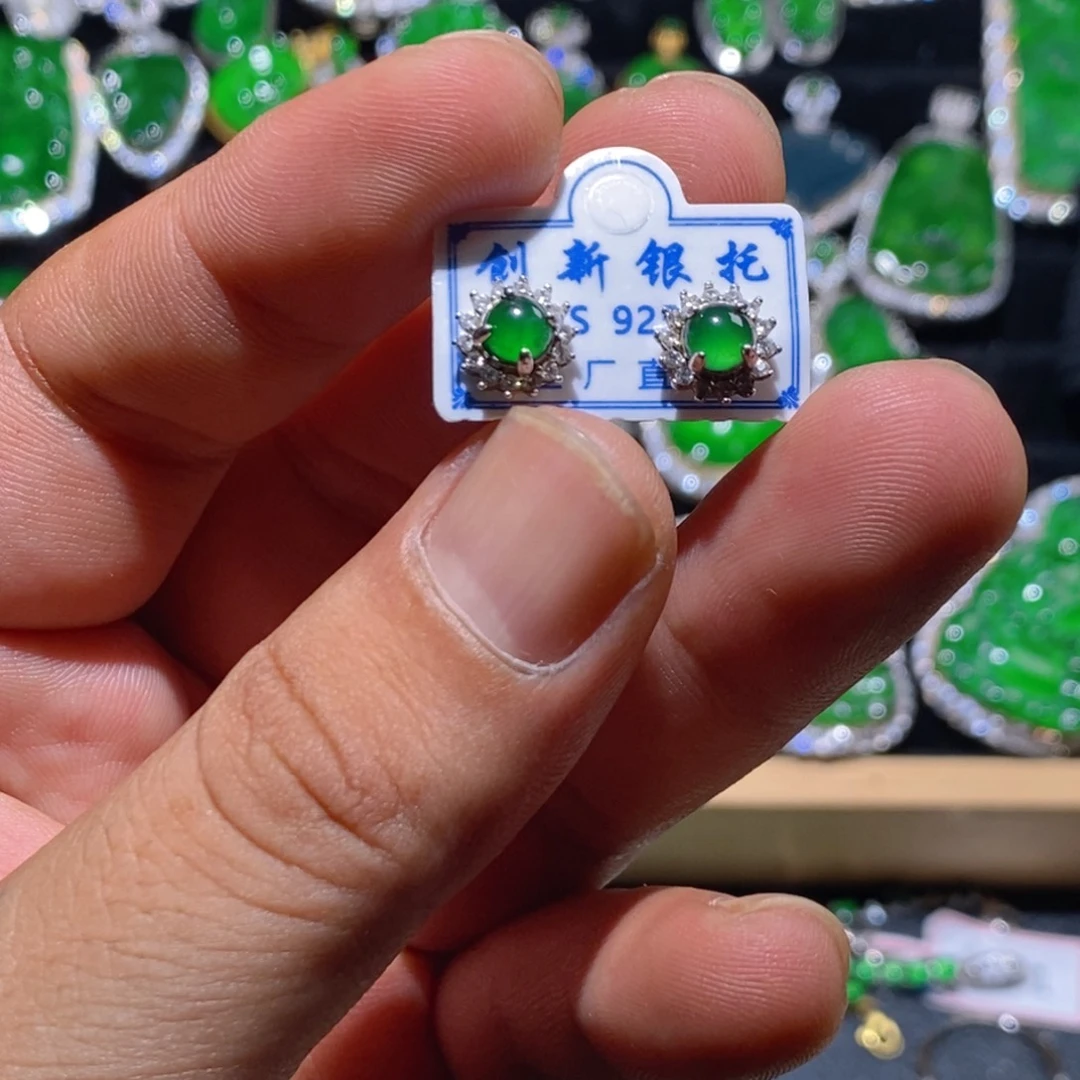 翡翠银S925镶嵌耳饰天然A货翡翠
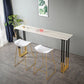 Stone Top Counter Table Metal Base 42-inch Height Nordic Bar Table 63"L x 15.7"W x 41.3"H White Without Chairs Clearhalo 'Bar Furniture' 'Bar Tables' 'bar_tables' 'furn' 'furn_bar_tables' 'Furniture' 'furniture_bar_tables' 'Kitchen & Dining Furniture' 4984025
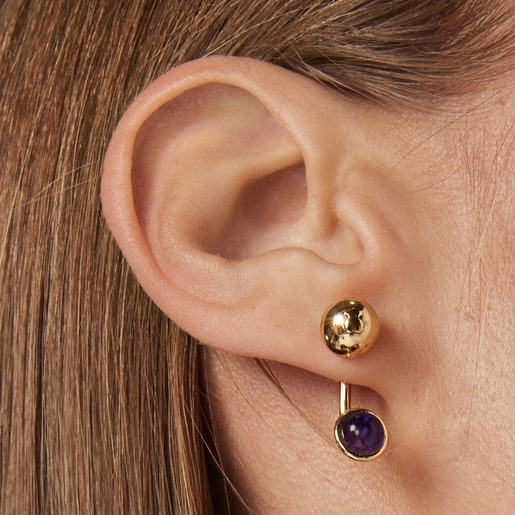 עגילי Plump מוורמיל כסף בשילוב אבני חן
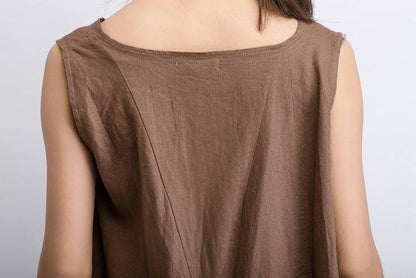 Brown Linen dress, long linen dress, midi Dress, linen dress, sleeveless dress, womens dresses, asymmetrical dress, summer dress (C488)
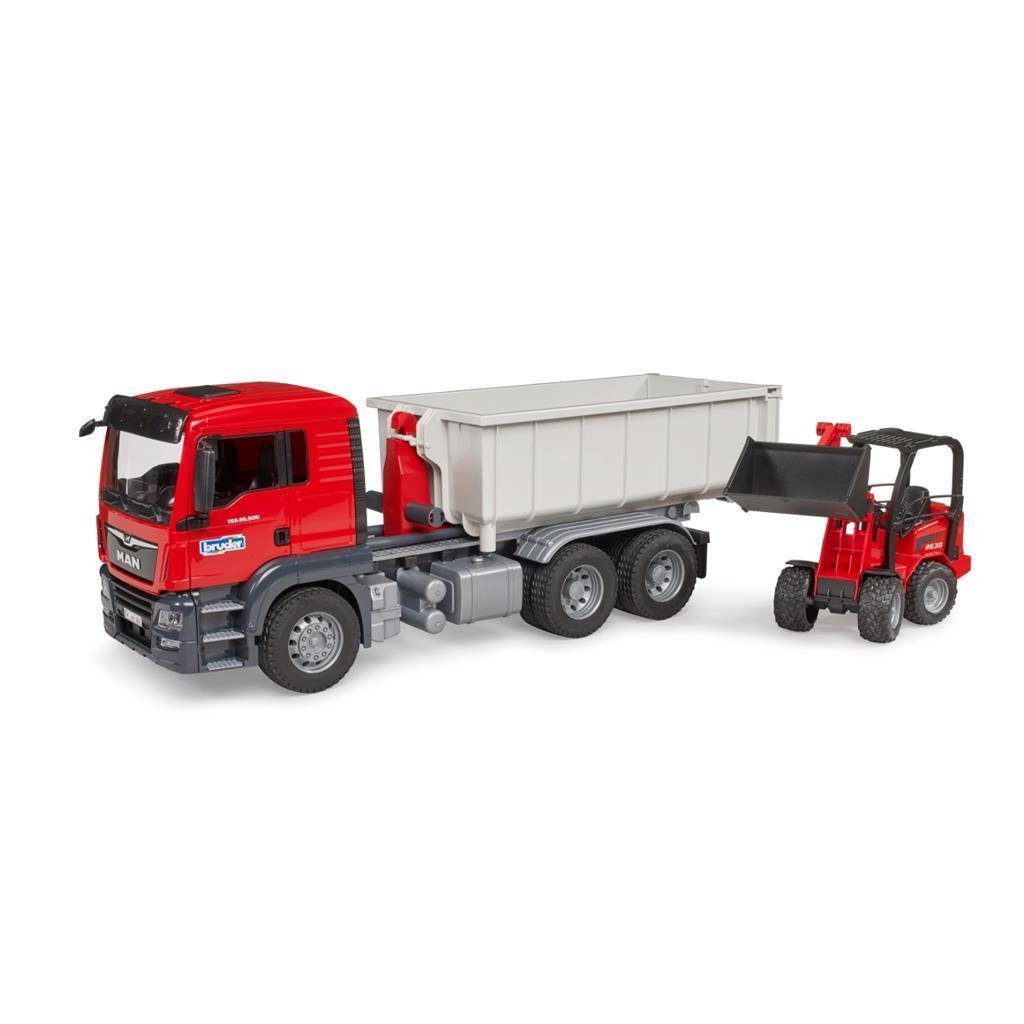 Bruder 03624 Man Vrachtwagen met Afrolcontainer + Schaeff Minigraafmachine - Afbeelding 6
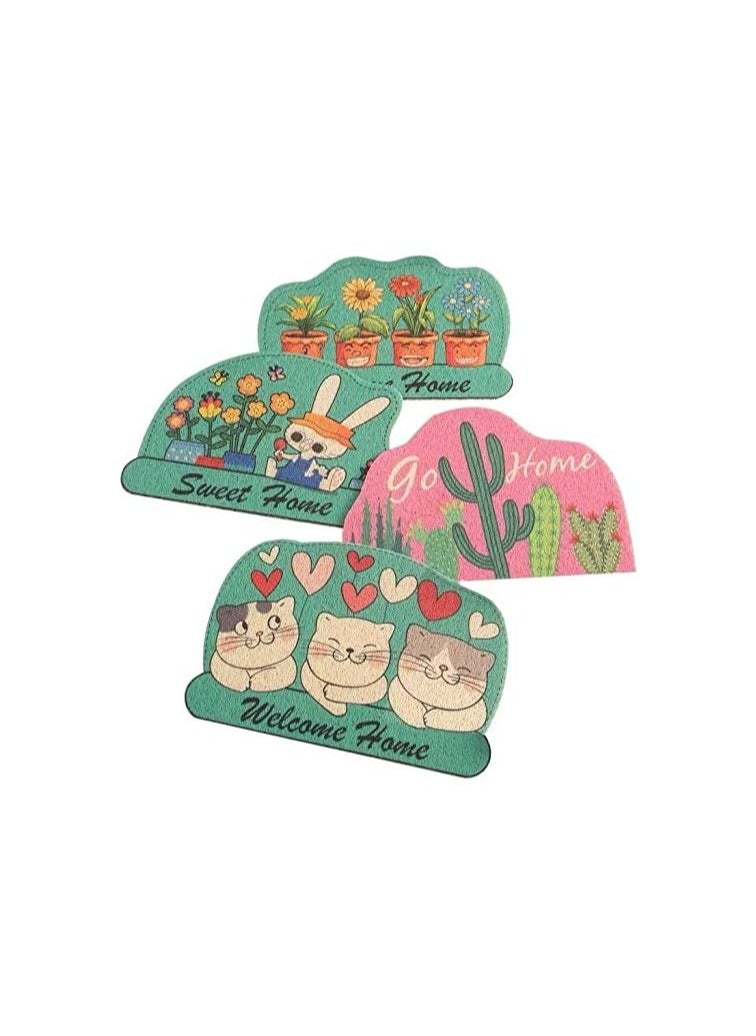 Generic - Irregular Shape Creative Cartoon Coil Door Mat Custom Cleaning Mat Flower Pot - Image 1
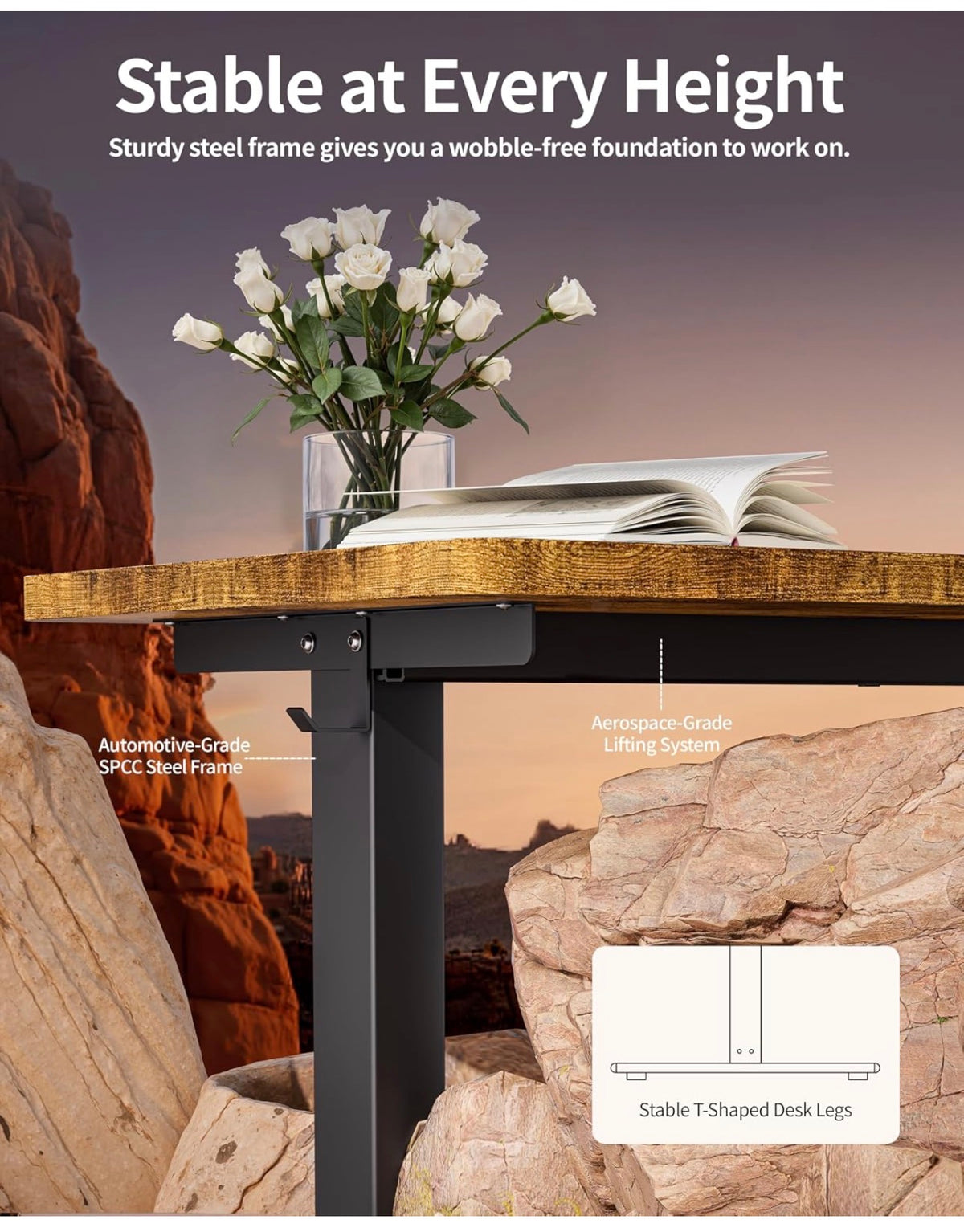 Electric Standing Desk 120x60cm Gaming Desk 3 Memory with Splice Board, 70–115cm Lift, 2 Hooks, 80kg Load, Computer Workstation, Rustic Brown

· · · · ·

The data must be reproduced exactly, and no picture may appear in the copy.

 翡翠银S925镶嵌耳饰天然A货翡翠
 Stone Top Counter Table Metal Base 42-inch Height Nordic Bar Table 63"L x 15.7"W x 41.3"H White Without Chairs Clearhalo 'Bar Furniture' 'Bar Tables' 'bar_tables' 'furn' 'furn_bar_tables' 'Furniture' 'furniture_bar_tables' 'Kitchen & Dining Furniture' 4984025
 עגילי Plump מוורמיל כסף בשילוב אבני חן
 Brown Linen dress, long linen dress, midi Dress, linen dress, sleeveless dress, womens dresses, asymmetrical dress, summer dress (C488)
 Bruder 03624 Man Vrachtwagen met Afrolcontainer + Schaeff Minigraafmachine - Afbeelding 6
 Generic - Irregular Shape Creative Cartoon Coil Door Mat Custom Cleaning Mat Flower Pot - Image 1
 Electric Standing Desk 120x60cm Gaming Desk 3 Memory with Splice Board, 70–115cm Lift, 2 Hooks, 80kg Load, Computer Workstation, Rustic Brown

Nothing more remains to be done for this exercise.